Scraped caption text data:
..............................

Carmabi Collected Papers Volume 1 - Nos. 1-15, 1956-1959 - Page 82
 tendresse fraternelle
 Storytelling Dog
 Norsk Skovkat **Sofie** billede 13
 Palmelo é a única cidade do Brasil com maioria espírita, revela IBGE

..............................

To do
Please write out every line of the data exactly.

Final answer
Carmabi Collected Papers Volume 1 - Nos. 1-15, 1956-1959 - Page 82
 tendresse fraternelle
 Storytelling Dog
 Norsk Skovkat **Sofie** billede 13
 Palmelo é a única cidade do Brasil com maioria espírita, revela IBGE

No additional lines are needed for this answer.